Faut-il encore s’attarder à la description du phénomène? Dans une telle atmosphère où la raison et la manipulation coutumières du système n’ont plus cours, la campagne s’élargit en insultes diverses, tandis que les sondages confirment la nouvelle position en tête de Polin-McCain, pardon McCain-Polin.

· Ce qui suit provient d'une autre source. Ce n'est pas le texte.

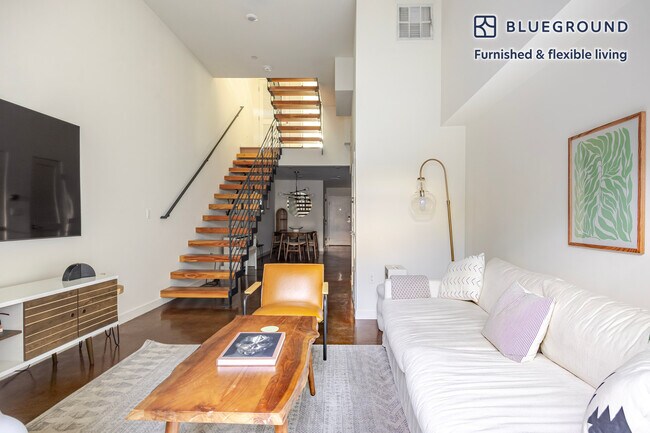 Building Photo - 654 N Virgil Ave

Certes, notre appréciation a toujours été que la vraie chance d’Obama se trouvait dans ce que, dans les éditoriaux et dans les commentaires avisés, ainsi que dans la rhétorique des républicains, on lui reprochait justement: d’apparaître comme un candidat hors-système, peu expérimenté dans les roueries et les mensonges du système; et, par là, être un candidat capable de percevoir, ou de montrer qu’il perçoit la dimension tragique de la situation en Amérique (comme ailleurs, certes, pour ce qui est du tragique qui est la marque de l'époque). Le succès de Polin correspond exactement à l’effacement d’Obama dans ce rôle. Erreur stratégique majeure du candidat démocrate, qui indique également son absence (ou sa perte) de perception de l’attente du public, ou bien est-ce l’impossibilité où il est, nouvellement enfermé dans le système, de continuer à percevoir l’élan du public, – erreur stratégique volontaire ou involontaire, certes. Tout cela n’a rien à voir, ni avec l’idéologie, ni avec la couleur de la peau, ni avec le sexe, n’en déplaise aux piliers des salons chics et postmodernes de nos capitales. Ces élans ne font que traduire a contrario un immense désarroi, qui est celui de l’Amérique, qui est le nôtre, qui est celui de notre civilisation étranglée dans un système totalement inhumain dont la règle est un Mensonge absolument insupportable à nos psychologies dévastées. Ces élans ne résolvent rien et Palin durera le temps d’une saison, – mais peut-être cela suffira-t-il à faire élire le ticket républicain, sur le quiproquo des interprétations diverses de sa popularité, et alors on n’a pas fini de rire.

Ne peut-on juger, sans risquer la guillotine réactivée pour l’occasion, que c’est là une belle façon de fêter l’anniversaire de 9/11, ses ors et ses pompes, son conformisme, ses tromperies et ses manipulations, la terreur intellectuelle que l’événement a exsudée depuis en Occident contre ceux qui ne pensent pas conforme?